Post-upgrade issues: 6.4.2 ES heap running away (6.5.0 too)

I had xpack.monitoring.enabled: false

but i turned this of as well. giving it a run now; though im not optimistic, initial heap usage patterns seem to mimic the earlier runaway trends.

@DavidTurner i cracked one of the heap dumps open, and ran the leak analyzer suspect.


i am still trying to figure where to start looking. I will look into uploading the dumps into a public location so you can pull them.

Follow up question, before I upload anything, do the heapdumps contain any personal/private data?

also, i had just updated to 6.5 No improvement. Seems to me whatever is going on is very cluster/os specific.

Another dump:


A heap dump can be assumed to contain everything in memory in the Elasticsearch process, so if Elasticsearch has access to personal/private data then yes.

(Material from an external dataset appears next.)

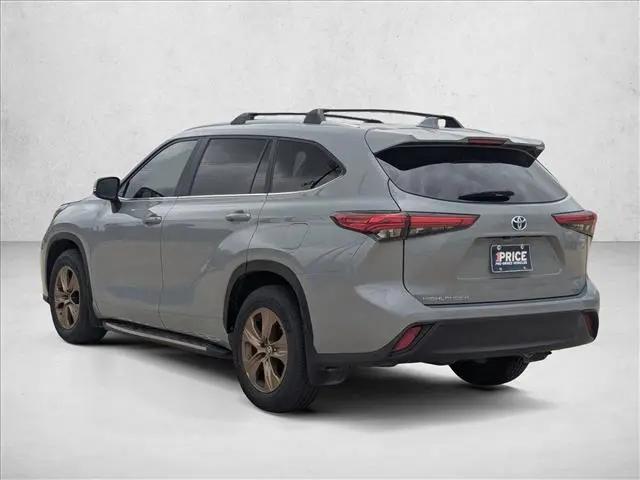 2023 Toyota Highlander Hybrid XLE Bronze
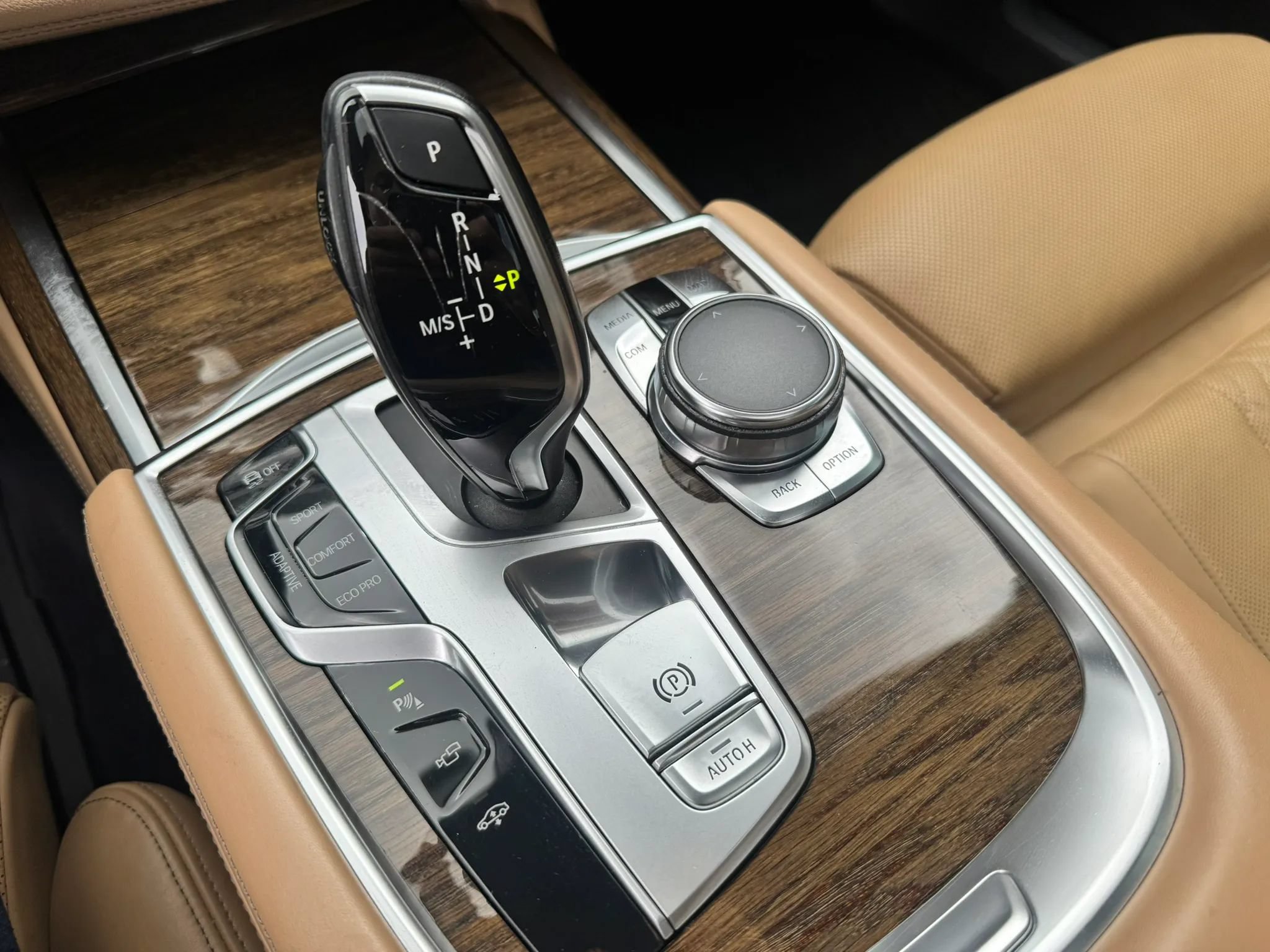 Used 2016 BMW 750i xDrive AWD/4WD image 33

I think I've found something, but I think it only explains this situation if you're creating a lot of new indices (and possibly deleting them again) or if the shards in your cluster are moving around a lot. Does that sound like your cluster?

@DavidTurner I think it depends on the scale?

i have nightly curator jobs that compacts/snapshots/deletes indices daily, and then a lot of new daily indices are created.

I would say, daily turnover is, say, 15 indices per day. So, every night when the time rolls over, curator snapshots to s3, and deletes 15 indices, and 15 new indices are created.

This worked without any issues on 6.2.3 (as per my original report), and only started running away, on master node only (non-master master-eligible node is fine), after upgrade to 6.4.2. since then ive updated to 6.4.3 and now to 6.5.0 asap.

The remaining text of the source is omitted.